Here’s your prescription today. Would you like to have tort coverage for it?
Will someoneelse be paying for that tort coverage?
No, it’s patient pay.
No, thanks!
I hear what you're saying...the industry is heavily regulated, but the FDA isn't holding up reviews excessively, in my opinion. The bottom line is that it takes time to research (and money) and develop medicines.
The phased approach to clinical development isn't because regulators want it--it makes sound clinical and ethical sense. We must first test for safety, then efficacy, and then to compare the drug for health outcomes. The industry doesn't want trials expedited at the expense of dead bodies.
Personally, I would love to see other countries shoulder more of the expense.
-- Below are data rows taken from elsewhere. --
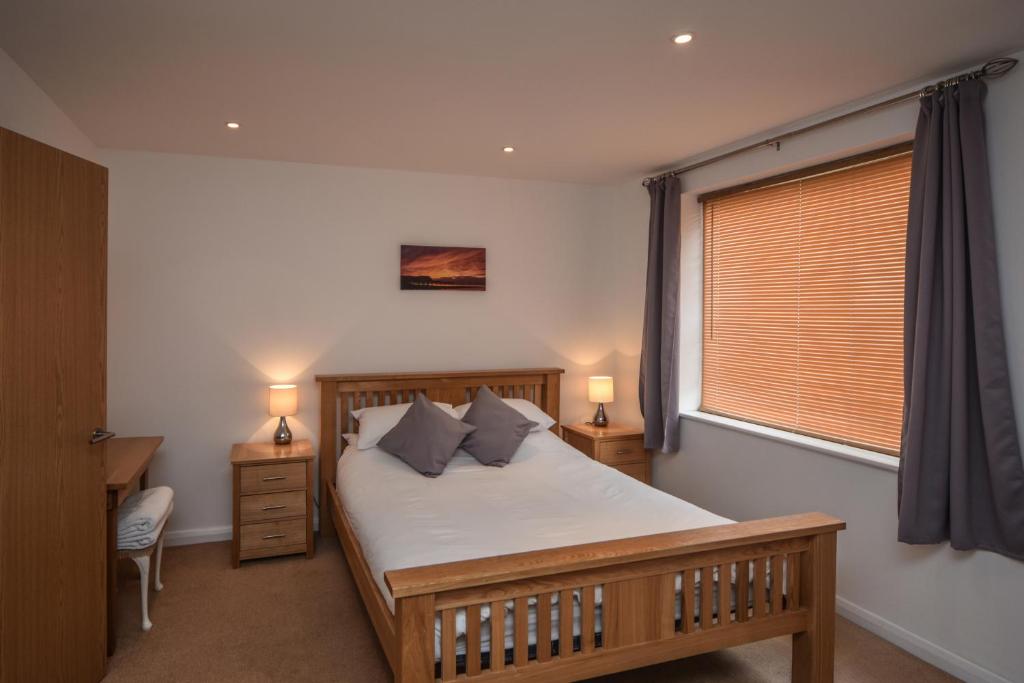 een slaapkamer met een groot bed en een raam bij Parc y Bryn Serviced Apartments in Aberystwyth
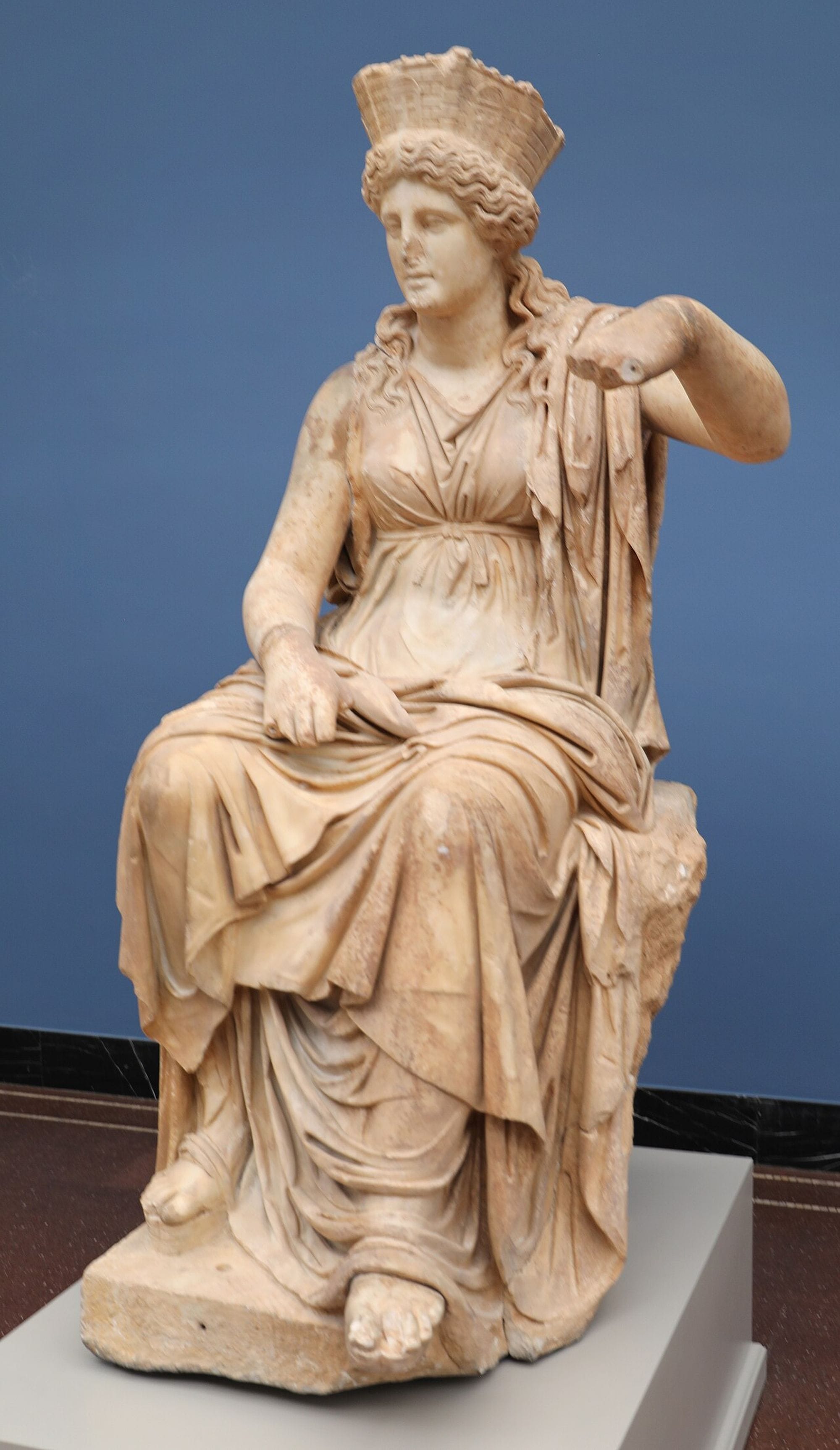 Seated Roman marble statue of Cybele wearing a turreted crown, from Formia, at the Ny Carlsberg Glyptotek.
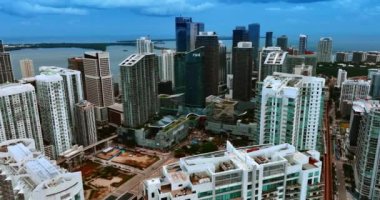 Miami, Florida, ABD 'deki yüksek binaların üzerine iniyor. Arkaplanda koyu mavi gökyüzünün altındaki su manzarası.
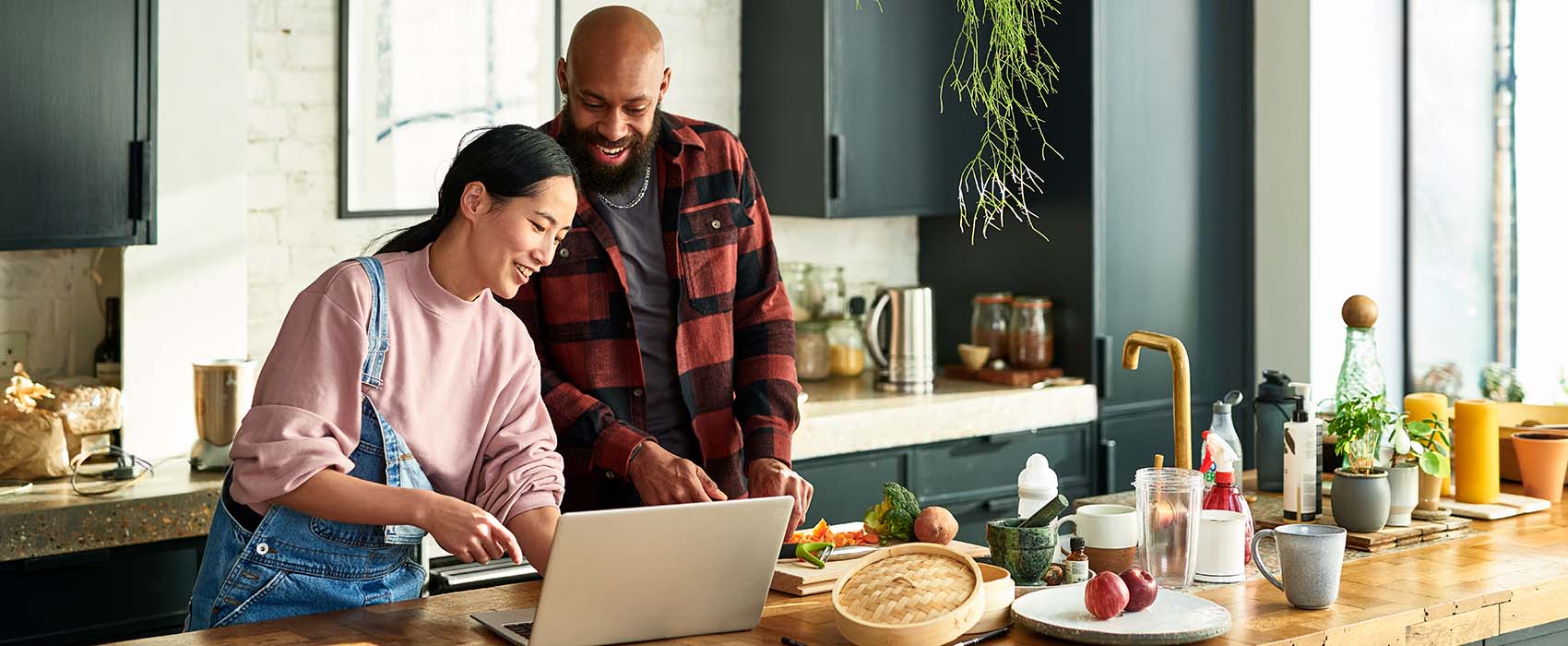 Couple looking at recipes on a laptop in their kitchen.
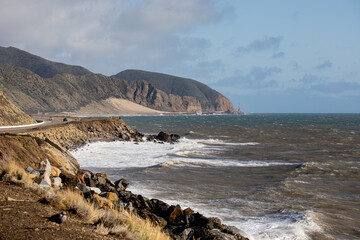 Far View of Ocean Beach Shore from Point Mugu Beach toward South Highway 1 E Pacific Coast Hwy during Winter Season with Strong Ocean Waves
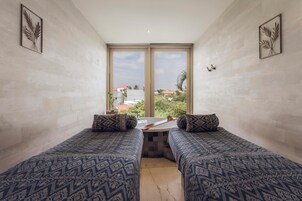 Habitación con dos camas, una mesita y vistas a edificios y zonas verdes.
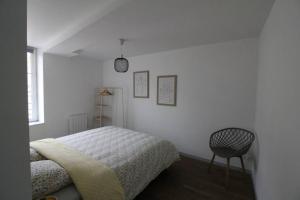 Ένα ή περισσότερα κρεβάτια σε δωμάτιο στο L Euphorie - Maison de ville de caractère 7 minutes de la mer - Le Treport - Mers les Bains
Just as they rely on our Department of Defense for military actions, they seem to assume that we have an endless stream of innovative, efficacious and safe medicines that we can dispense like Pez.
I agree that the three step rationale in FDA approval makes sense, but is costly. But, there was mention of a Polish drug being developed in a short period for $40 or $50 million. Did they skip steps? Or was the drug so close to another existing one that it was easily approved, so the contrast is not as great as it would seem?
https://www.medindia.net/drug-price/insulin.htm
https://www.medindia.net/drug-price/insulin/lantus.htm
I think that translates to about $38 for a 10ml vial.
“Every manufacturer would develop their new medicines in the EU.”
US drug designers aren’t going to move readily. Learning French or German isn’t easy and it would interfere with drug design work. Housing in England is generally terribly expensive. Scotland gets real cold.
Drug approval testing is often multi-national.
I believe it was molecularly identical.
Patents must describe how the protected article is made in sufficient detail for one skilled in the art to make the patented item.
If a product came out in 1981, the patents would have expired around 2001, or before.
The structure of insulin was given in my organic chemistry book I bought in the mid-1960’s.
As a drug company you would manufacture it. Charge less for it than what others are charging.
If the price of insulin is as outrageous as the article claims, that’d be easy to do.
If not, then it is priced correctly.
“I have a condition which requires drugs and I pay to fill the prescriptions a lot. I also frequently travel to EU. Prescriptions drug prices (for the same drugs I take in Canada) in Germany for example, are much lower and often 1/4 of that what I have to pay in Canada. Same in Australia and NZ.”
Canadian reader comment from:
https://www.cbc.ca/news/health/drug-prices-1.5007636
Canada doesn’t have the lowest drugs prices of a Westernized country.